La ciudad, fiel a su reputación meteorológica, vuelve a demostrar que la consistencia no es precisamente su fuerte.
Un pronóstico que rompe con el invierno reciente
Aunque las calles aún conservan montículos grises de nieve, las primeras señales de un cambio drástico empiezan a consolidarse. Según las proyecciones diarias de AccuWeather, el martes 10 de marzo podría alcanzar los 74°F, mientras que el miércoles 11 se mantendría alrededor de los 70°F.

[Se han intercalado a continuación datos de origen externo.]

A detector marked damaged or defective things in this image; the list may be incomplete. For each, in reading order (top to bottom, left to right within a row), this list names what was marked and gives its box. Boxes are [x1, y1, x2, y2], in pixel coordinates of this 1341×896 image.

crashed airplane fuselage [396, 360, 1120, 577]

Las sensaciones térmicas serían incluso más altas: RealFeel marca aproximadamente 80°F para el martes y 75°F para el miércoles. Serán, en la práctica, 48 horas de anticipo del clásico mensaje que pronto inundará los chats de grupo: “¿Drinks afuera?”.
El jueves 12 también se perfila agradable, con temperaturas cercanas a 63°F y una sensación de 66°F. No es exactamente clima de shorts… aunque, siendo Nueva York, probablemente alguien ya los esté usando.

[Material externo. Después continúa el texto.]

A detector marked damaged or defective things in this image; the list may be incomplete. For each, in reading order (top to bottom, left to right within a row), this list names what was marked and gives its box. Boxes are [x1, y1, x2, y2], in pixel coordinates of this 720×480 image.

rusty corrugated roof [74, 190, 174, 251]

Aún quedan días fríos, pero el panorama mejora
El clima neoyorquino puede cambiar de rumbo en cualquier momento, y todavía quedan jornadas en los 30s y 40s, con la posibilidad de algo más de nieve. Sin embargo, después del invierno vivido, este pronóstico se siente como una luz al final de un túnel largo, helado y poco deseado.
Las proyecciones iniciales indican además una transición más suave hacia la primavera, sin días que vuelvan a caer a los 30°F durante el resto de marzo.
El horario de verano adelanta la llegada de las tardes largas
El domingo 8 de marzo, con el inicio del horario de verano, el atardecer pasará de las 5:54 p. m. a las 6:55 p. m., abriendo oficialmente la temporada del “after work” al aire libre. En cuanto el clima acompañe, los neoyorquinos volverán a llenar parques, terrazas y esquinas soleadas.
Este invierno dejó claro que la ciudad puede soportarlo todo, pero también que lo hace mejor con un spritz en la mano y un rayo de sol sobre la acera.